Existing population trend research shows that the species will inevitably slide into complete extinction if it loses more than 1% of its total population annually. The 7% loss from a single storm puts the species far above that extinction threshold, making urgent coordinated action critical to save it.

In a hopeful development, the Indonesian government has implemented a temporary moratorium on large-scale industrial development projects in the protected Batang Toru forest, including planned mining expansions, oil palm plantations, and new hydropower infrastructure. This moratorium has given conservation researchers a critical window to fully assess the ecological threats facing the species and design targeted protection plans.

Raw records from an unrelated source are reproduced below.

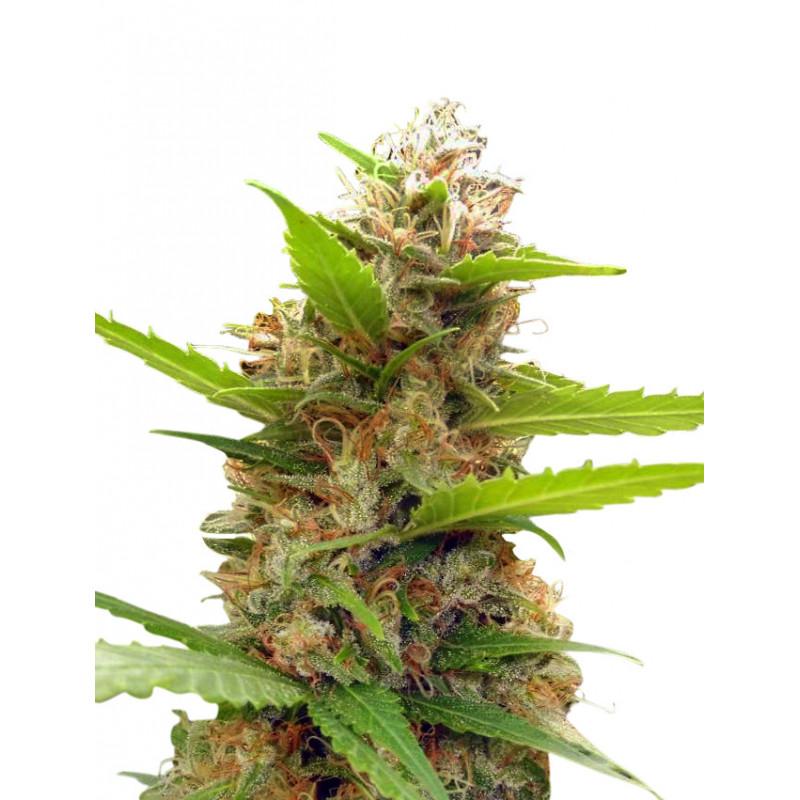 Zamaldelicia x Nepal Jam (limited édition) Féminisée - Ace Seeds Graines de Collection Zamaldelicia x Nepal Jam (limited édition) Féminisée - Ace Seeds Graines de Collection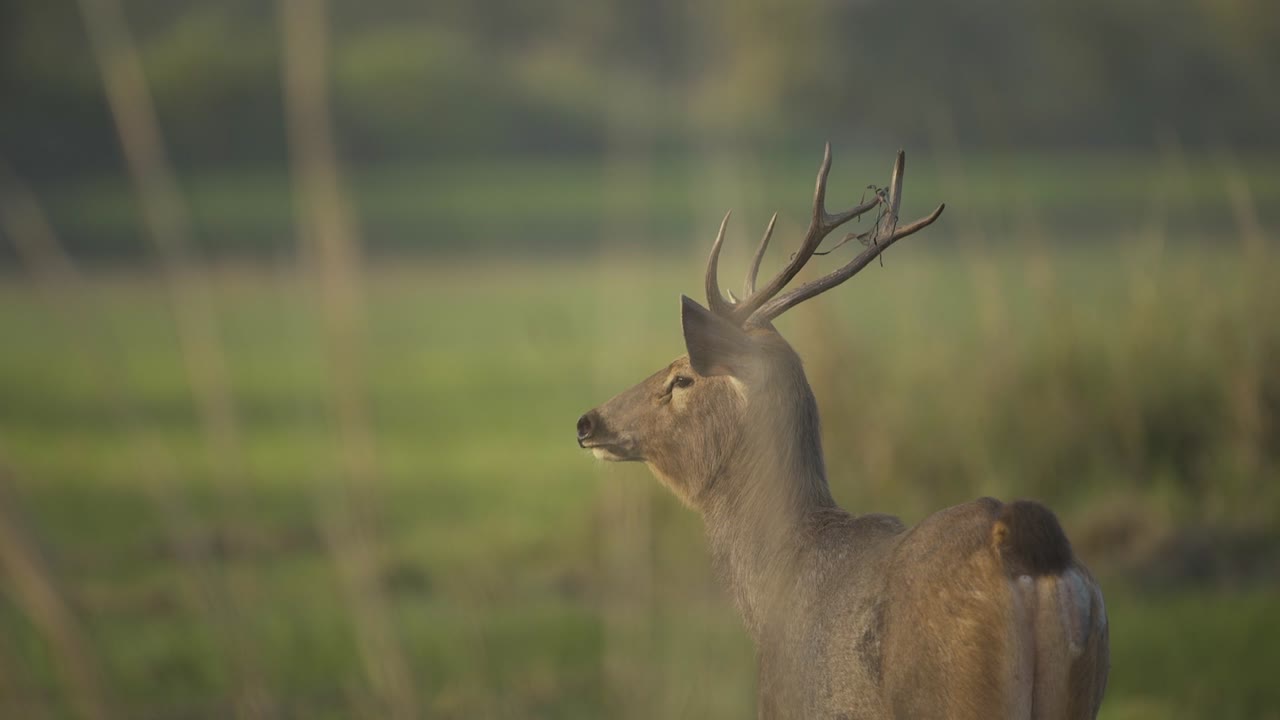 ciervo sambar alerta mirando depredador distante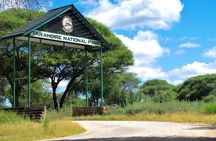 Tarangire National Park Day Trip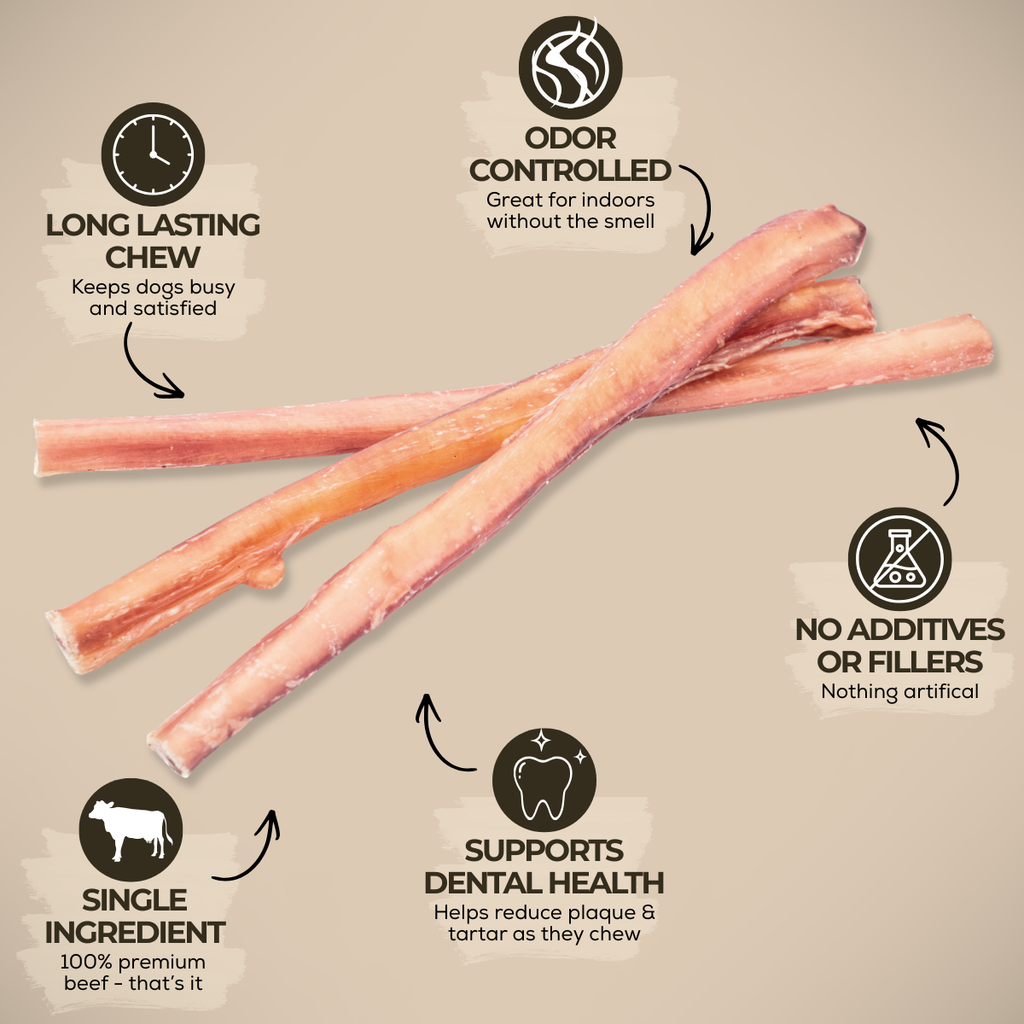 12 Inch Standard Bully Stick by Bully Bunches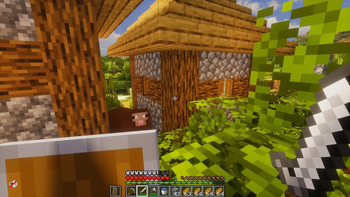 Village house and mobs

The study’s authors emphasize that the catastrophic loss from Cyclone Senyar makes clear just how biologically vulnerable the Tapanuli orangutan is, and that the crisis facing the species is the result of overlapping threats: accelerating climate instability, ongoing biodiversity loss, and chronic underfunding for conservation action. “The crisis facing the Tapanuli orangutan illustrates the convergence of climate instability, biodiversity loss, and vulnerability, calling for a coordinated response matching the scale of the threat,” the study concludes.

Conservationists argue that preventing the first extinction of a great ape species in modern history is still achievable, but it will require sustained international collaboration, strengthened domestic forest protection policies, climate-responsive conservation planning, and long-term global financial and technical assistance to protect the Batang Toru ecosystem and its remaining primate population.